*** Given information Section Begins ***
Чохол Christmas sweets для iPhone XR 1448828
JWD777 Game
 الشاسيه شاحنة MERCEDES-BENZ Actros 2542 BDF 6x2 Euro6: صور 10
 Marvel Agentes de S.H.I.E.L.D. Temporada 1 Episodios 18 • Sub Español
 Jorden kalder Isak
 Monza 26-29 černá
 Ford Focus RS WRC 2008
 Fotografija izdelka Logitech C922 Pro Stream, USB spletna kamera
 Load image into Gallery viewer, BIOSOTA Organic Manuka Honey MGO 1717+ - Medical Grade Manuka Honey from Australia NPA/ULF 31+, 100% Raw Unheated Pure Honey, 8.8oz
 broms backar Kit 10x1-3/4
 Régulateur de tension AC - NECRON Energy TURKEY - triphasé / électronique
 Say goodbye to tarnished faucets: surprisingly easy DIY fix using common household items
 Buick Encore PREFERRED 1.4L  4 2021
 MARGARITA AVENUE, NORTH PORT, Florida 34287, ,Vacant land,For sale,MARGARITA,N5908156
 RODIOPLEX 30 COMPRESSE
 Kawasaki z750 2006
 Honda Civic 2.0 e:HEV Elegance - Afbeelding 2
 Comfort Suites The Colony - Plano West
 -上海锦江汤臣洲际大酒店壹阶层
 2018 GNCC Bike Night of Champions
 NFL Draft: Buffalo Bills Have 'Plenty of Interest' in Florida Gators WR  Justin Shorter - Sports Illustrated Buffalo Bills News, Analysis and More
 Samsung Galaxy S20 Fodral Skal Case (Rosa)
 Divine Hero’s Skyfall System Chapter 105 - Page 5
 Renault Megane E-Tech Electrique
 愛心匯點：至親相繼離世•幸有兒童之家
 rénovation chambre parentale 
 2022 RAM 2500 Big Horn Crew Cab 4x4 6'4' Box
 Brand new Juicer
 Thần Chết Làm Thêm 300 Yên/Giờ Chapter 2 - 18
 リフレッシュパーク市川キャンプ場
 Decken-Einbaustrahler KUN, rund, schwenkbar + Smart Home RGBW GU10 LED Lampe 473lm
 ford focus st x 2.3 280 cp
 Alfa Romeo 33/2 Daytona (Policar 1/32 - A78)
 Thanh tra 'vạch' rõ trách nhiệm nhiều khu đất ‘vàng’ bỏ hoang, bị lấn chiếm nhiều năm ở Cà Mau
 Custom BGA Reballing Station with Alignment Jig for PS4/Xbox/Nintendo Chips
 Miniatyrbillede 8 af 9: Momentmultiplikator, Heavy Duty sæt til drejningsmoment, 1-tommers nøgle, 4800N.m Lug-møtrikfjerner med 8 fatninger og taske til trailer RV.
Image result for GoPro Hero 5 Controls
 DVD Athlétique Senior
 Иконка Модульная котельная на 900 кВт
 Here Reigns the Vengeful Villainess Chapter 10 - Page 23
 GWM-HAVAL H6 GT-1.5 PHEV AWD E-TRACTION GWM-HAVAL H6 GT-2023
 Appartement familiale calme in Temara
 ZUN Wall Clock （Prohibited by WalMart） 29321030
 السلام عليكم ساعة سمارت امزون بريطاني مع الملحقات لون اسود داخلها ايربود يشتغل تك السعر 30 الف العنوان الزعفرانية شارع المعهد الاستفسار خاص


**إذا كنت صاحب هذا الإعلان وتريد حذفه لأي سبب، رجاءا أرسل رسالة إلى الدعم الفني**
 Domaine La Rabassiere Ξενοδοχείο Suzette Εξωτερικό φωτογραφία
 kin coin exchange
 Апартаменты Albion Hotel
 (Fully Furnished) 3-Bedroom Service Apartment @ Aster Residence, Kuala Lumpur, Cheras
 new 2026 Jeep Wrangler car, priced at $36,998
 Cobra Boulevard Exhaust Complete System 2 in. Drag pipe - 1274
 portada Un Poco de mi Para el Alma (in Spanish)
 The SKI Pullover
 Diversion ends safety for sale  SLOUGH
*** Given information Section Ends ***
| About this task |
Where the string "Florida" turns up in a line of the data above, copy that whole line.

| Answer space |
 MARGARITA AVENUE, NORTH PORT, Florida 34287, ,Vacant land,For sale,MARGARITA,N5908156
 NFL Draft: Buffalo Bills Have 'Plenty of Interest' in Florida Gators WR  Justin Shorter - Sports Illustrated Buffalo Bills News, Analysis and More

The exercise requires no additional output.